根付

 根付は着物から洋服の生活スタイルの変革が始まった明治維新以降、携行品は懐、帯下からポケットに納めることで、やや姿を消したかに思えた。
 留め具の視点でなく、すばらしい技巧の作品が海外の趣味人の収集の的となった。
 現在、海外にも根付作家がおられ併せてオークションにも参加しておられる。
 左図は黄楊、鉄木、象牙、マンモス牙、竹 等の素材に彫られた根付で、中国雑貨、骨董店で売られている。

 鼻煙壺は欧米ではSnuff Bottleと言われ、嗅ぎタバコを入れる容器です。鼻煙壷について、その使用法は容器内の嗅ぎタバコを蓋に挿した楊枝(金属製が多い)の 先5mm大の小さなさじでとり、手にのせ鼻腔に擦り込む無煙タバコ方式です。 今日、本来の機能より手工芸品としての芸術性が人気となっている。
 素材はガラス、陶磁器、天然石、象牙、金属。   加工技法は
  内絵(内画)技法:ガラスの容器内に内面より書、絵を描く。
  粉彩画:ガラス、陶磁器に粉彩で描き、低温焼成し肉厚の絵付けが可能。七宝焼きに通ずる。
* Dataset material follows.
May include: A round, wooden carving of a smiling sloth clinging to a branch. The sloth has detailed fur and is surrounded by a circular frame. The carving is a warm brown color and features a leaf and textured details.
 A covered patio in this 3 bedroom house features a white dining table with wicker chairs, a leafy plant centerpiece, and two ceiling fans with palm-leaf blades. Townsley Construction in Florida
  ガラス彫刻:二種以上のガラスを被せ、花鳥等をカメオ風に彫刻。
  天然石彫刻:メノウ、翡翠(玉)、虎目石等の彫刻。
  彫金:金属(金、銀、銅合金)板に模様打ち出し加工。
  染付:磁器に水墨画をコバルト釉薬で描写後焼成。 
  型押(圧印)加工:金属板、粘土板は文様等の成形後焼成。
 作品は小さいが製作には技術を極め、精緻で見ごたえがある。 今回は特別に根付と同様に掌中の芸術品として、中国で作られた鼻煙壷をとりあげた。